Share

Bab 5

Di rumah Alya, sore itu sang papa pulang lebih cepat. Kedua adiknya pun sudah pulang sejak beberapa sebelumnya. Semua orang tengah berkumpul di ruang keluarga, begitu pun dengan dua orang ajudan lain dan seorang yang bertugas di bagian pengamanan rumah sang jenderal. Sedang ajudan dan tim pengamanan lain berjaga di luar rumah.

“Apa ada masalah soal penugasan Richard?” tanya Fajar, papa Alya yang berpangkat Komisaris Jenderal Polisi dan bertugas sebagai komandan korps Brimob Polri.

“Ya, seperti yang sudah kita duga sebelumnya kalau Alya pasti akan menolak. Apalagi, ternyata sempat ada accident yang terjadi di bandara waktu mereka sama-sama mau balik ke sini,” jawab Liana.

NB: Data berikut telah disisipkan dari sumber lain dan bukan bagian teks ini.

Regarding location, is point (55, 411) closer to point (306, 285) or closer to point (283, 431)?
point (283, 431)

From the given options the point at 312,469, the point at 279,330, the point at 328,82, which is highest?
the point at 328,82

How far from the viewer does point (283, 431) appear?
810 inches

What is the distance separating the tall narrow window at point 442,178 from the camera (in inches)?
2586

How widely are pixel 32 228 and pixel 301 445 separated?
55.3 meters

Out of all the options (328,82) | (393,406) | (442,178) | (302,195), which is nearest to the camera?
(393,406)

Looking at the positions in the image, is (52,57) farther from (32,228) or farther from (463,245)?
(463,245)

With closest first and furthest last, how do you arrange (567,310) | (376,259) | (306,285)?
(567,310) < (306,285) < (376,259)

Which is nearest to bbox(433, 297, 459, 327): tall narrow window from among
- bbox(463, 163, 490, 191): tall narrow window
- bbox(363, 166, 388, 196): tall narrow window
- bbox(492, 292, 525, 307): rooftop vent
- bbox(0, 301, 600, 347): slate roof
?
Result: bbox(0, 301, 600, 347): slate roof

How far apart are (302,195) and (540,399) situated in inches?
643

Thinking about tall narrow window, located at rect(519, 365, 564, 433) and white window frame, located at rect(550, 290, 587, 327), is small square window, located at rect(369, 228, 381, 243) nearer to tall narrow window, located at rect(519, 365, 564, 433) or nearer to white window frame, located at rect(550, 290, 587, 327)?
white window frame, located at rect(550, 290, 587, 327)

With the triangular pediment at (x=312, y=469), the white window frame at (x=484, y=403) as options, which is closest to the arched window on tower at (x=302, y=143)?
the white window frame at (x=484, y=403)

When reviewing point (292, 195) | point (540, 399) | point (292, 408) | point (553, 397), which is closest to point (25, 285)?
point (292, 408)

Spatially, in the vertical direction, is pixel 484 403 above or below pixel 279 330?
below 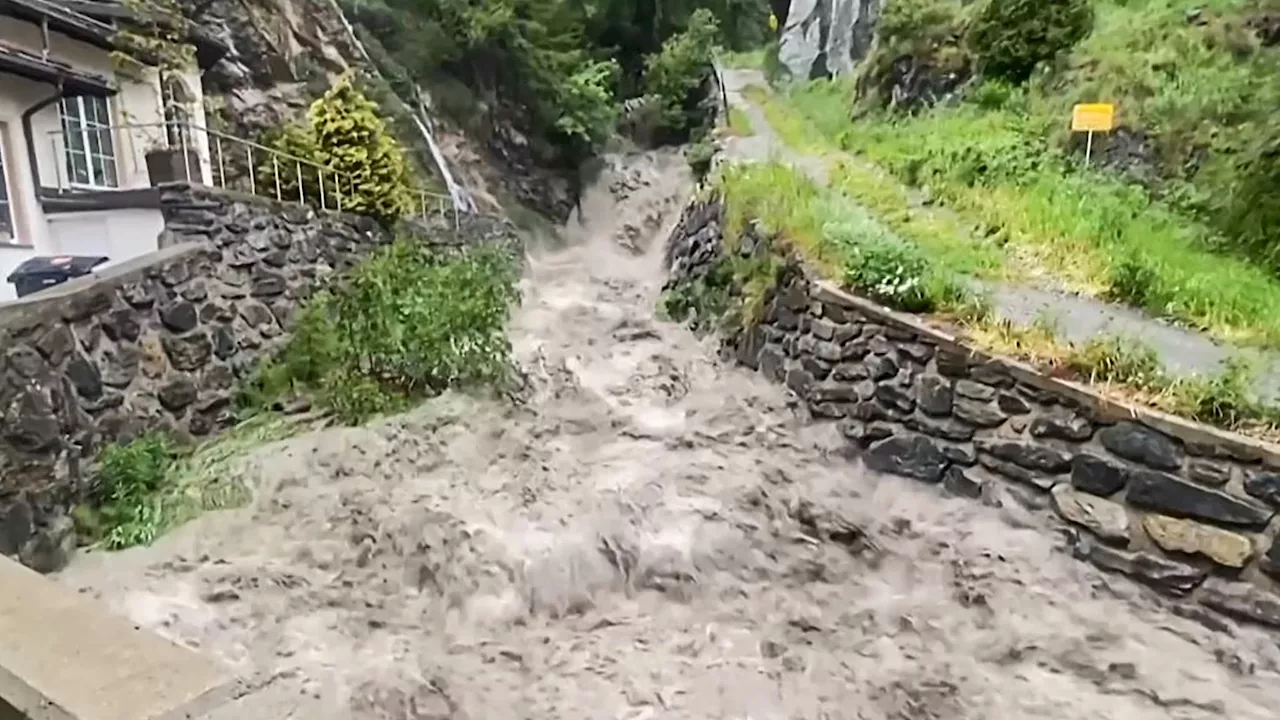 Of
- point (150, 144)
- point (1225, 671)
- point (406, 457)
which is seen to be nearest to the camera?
point (1225, 671)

Fajar yang awalnya sedang membaca buku, langsung menutup buku tersebut dan meletakkannya di meja. Dia lantas menoleh kepada sang istri dengan dahi mengerut.

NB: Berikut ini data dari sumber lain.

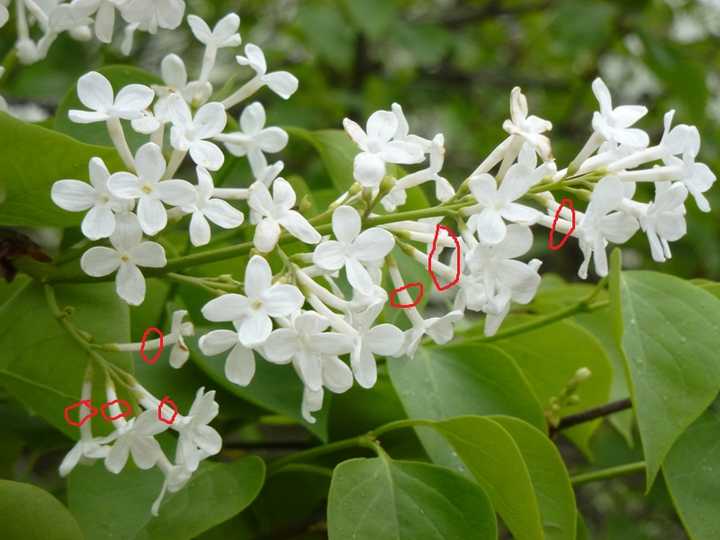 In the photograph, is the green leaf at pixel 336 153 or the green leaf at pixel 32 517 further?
the green leaf at pixel 336 153

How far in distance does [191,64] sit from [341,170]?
194 cm

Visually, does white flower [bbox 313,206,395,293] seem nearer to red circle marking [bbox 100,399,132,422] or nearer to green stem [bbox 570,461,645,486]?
red circle marking [bbox 100,399,132,422]

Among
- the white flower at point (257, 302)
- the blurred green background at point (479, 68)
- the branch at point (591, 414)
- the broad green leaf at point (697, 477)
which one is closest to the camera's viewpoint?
the white flower at point (257, 302)

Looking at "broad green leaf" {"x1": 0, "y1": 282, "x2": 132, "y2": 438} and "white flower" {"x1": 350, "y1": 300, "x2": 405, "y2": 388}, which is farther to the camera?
"broad green leaf" {"x1": 0, "y1": 282, "x2": 132, "y2": 438}

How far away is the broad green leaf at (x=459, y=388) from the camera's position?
90 centimetres

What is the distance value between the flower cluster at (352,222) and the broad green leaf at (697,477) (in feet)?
0.59

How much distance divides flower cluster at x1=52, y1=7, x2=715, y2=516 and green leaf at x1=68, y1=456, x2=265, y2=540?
0.17 ft

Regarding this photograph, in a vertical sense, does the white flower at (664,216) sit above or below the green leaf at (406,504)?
above

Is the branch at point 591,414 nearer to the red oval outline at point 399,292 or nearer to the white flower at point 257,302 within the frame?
the red oval outline at point 399,292

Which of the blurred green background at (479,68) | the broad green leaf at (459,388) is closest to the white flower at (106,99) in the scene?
the broad green leaf at (459,388)

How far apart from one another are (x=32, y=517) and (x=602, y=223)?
1.74 ft

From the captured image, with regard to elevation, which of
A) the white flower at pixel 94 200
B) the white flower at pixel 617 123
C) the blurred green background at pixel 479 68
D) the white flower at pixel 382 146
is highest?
the white flower at pixel 617 123

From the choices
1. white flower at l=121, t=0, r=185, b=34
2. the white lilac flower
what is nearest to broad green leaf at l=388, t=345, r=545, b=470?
the white lilac flower

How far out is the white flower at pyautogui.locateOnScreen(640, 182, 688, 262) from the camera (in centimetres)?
80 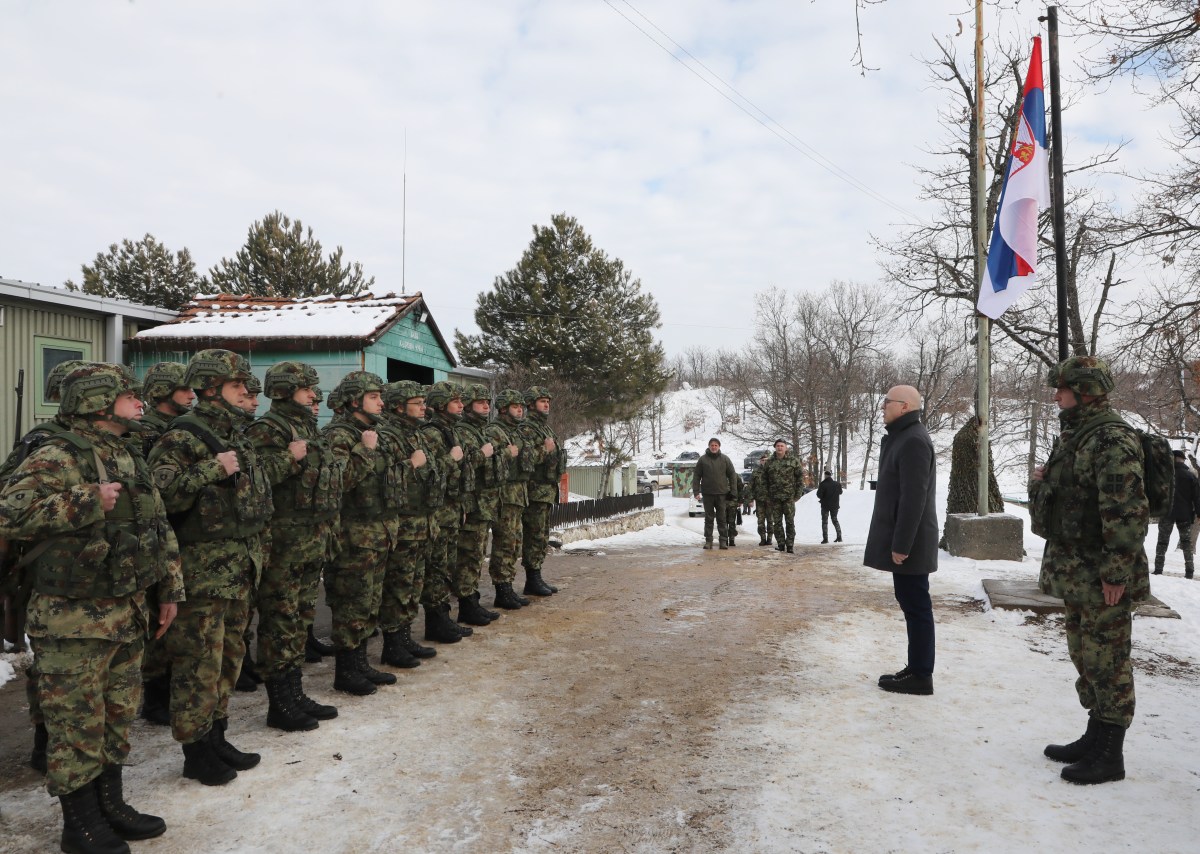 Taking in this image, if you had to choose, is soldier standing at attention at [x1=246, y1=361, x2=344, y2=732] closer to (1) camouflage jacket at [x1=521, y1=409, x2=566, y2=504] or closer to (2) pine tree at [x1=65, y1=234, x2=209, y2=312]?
(1) camouflage jacket at [x1=521, y1=409, x2=566, y2=504]

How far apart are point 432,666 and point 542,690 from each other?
1049 millimetres

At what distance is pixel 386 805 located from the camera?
11.6 ft

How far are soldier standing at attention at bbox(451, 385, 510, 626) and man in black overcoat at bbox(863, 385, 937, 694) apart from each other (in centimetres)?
346

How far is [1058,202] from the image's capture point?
734 cm

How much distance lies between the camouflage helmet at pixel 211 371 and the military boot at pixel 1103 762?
466 centimetres

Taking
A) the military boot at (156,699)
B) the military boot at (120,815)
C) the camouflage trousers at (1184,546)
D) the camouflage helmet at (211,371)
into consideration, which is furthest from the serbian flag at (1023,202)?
the military boot at (120,815)

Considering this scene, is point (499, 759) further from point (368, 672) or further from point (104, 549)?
point (104, 549)

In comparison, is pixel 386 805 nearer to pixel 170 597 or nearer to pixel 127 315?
pixel 170 597

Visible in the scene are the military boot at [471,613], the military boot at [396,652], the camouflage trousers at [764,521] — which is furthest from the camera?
the camouflage trousers at [764,521]

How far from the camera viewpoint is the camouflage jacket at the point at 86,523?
3010 millimetres

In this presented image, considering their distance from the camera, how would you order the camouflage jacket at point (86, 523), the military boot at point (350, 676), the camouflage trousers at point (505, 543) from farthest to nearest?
the camouflage trousers at point (505, 543), the military boot at point (350, 676), the camouflage jacket at point (86, 523)

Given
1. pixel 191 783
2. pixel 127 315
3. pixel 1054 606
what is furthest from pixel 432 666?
pixel 127 315

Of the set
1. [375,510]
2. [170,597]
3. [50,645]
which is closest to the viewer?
[50,645]

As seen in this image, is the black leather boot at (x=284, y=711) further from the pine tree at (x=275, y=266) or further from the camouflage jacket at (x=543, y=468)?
the pine tree at (x=275, y=266) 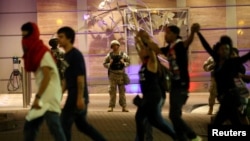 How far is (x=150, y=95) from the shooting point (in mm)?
6777

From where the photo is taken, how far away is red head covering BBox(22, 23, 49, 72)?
603 centimetres

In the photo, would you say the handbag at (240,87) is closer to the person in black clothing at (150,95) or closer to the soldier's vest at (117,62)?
the person in black clothing at (150,95)

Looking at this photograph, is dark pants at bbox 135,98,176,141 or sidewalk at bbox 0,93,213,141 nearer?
dark pants at bbox 135,98,176,141

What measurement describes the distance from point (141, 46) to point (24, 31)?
1.66 meters

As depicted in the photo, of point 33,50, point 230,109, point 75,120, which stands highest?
point 33,50

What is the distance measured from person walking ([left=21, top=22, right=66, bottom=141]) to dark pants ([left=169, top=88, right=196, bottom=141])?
1.53m

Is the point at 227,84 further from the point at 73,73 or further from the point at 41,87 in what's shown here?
the point at 41,87

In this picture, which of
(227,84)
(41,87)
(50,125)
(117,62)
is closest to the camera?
(41,87)

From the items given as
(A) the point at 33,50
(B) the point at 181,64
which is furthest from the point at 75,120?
(B) the point at 181,64

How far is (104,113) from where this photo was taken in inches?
465

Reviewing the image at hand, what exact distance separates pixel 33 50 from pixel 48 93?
55cm

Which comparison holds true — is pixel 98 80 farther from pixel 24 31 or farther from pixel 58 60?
pixel 24 31

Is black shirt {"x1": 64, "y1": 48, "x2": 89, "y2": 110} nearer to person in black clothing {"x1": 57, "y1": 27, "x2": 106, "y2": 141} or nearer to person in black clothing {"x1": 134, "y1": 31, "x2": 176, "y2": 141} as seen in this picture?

Accident? Apa? Mereka saling kenal?” tanya Fajar penasaran.

“Nggak, mereka nggak saling kenal. Hanya saja ada kecelakaan kecil di bandara yang membuat Alya marah kepada Richard. Tapi, udah clear, kok. Itu hanya salah paham aja,” ujar Liana yang tidak mau mengungkapkan lebih detail masalah yang terjadi antara Alya dan Richard.

Liana tahu betul bagaimana watak suaminya yang menurun kepada putri sulung mereka, Alya. Fajar bisa ikut salah paham dan tak akan mau mendengar penjelasan apa pun, jika ada yang melakukan kesalahan. Bagi sang jenderal, yang salah tetaplah harus mendapat hukuman, walaupun itu untuk kebaikan.

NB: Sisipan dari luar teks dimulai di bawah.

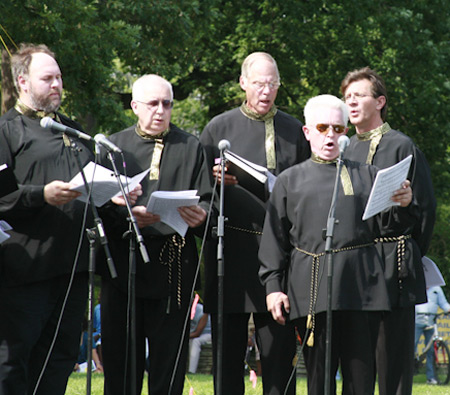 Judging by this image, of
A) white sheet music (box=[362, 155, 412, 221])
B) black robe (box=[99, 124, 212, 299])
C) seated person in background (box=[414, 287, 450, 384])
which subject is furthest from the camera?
seated person in background (box=[414, 287, 450, 384])

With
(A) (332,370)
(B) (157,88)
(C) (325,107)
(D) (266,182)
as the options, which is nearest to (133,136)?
(B) (157,88)

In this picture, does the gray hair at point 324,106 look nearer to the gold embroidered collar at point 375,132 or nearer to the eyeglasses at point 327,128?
the eyeglasses at point 327,128

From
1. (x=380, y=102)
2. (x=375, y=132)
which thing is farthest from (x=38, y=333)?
(x=380, y=102)

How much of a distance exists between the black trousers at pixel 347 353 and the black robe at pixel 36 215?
1511 millimetres

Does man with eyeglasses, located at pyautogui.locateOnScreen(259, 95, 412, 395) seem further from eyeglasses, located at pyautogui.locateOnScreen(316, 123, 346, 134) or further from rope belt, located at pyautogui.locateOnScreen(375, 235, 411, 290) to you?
rope belt, located at pyautogui.locateOnScreen(375, 235, 411, 290)

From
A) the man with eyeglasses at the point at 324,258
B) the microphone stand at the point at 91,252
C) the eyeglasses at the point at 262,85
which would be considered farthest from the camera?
the eyeglasses at the point at 262,85

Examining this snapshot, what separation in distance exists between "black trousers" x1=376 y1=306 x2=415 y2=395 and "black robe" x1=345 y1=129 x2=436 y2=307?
0.43 ft

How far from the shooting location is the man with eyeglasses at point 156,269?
6238mm

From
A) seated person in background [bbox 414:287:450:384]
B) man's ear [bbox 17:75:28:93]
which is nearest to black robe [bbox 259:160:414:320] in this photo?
man's ear [bbox 17:75:28:93]

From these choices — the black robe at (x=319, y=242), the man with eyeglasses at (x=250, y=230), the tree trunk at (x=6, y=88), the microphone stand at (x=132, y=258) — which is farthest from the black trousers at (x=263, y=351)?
the tree trunk at (x=6, y=88)

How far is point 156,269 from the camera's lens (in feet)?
20.5

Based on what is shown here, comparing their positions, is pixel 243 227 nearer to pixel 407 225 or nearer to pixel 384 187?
pixel 407 225

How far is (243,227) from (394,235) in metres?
1.02

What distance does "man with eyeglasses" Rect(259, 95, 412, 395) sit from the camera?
5613 mm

“Tapi beneran sudah clear, kan?” tanya Fajar memastikan.

Liana tersenyum manis kemudian mengangguk pelan. “Buktinya sekarang Alya mau menerima Richard untuk mengawal dia.”

“Assalamualaikum,” ucap seorang gadis dengan wajahnya yang lesu, lalu menghampiri dan menyalimi kedua orang tuanya.

“Waalaikumsalam,” sahut Liana, Fajar, dan ajudan muslim yang juga berada di ruang itu.

Alya pun duduk di tengah-tengah orang tuanya. Kepalanya dia sandarkan ke pundak sang ayah yang sudah dua tahun lebih tidak bisa dia lakukan.

“Pa, aku boleh minta sesuatu, nggak?” tanya Alya dengan nada manja dan wajah yang memelas.

“Baru pulang langsung meminta sesuatu. Ada apa, Nak? Kalau bisa, Papa akan kasih seluruh isi dunia ini kepada anak-anak Papa. Kamu mau apa?” tanya Fajar sambil menepuk pipi sang putri.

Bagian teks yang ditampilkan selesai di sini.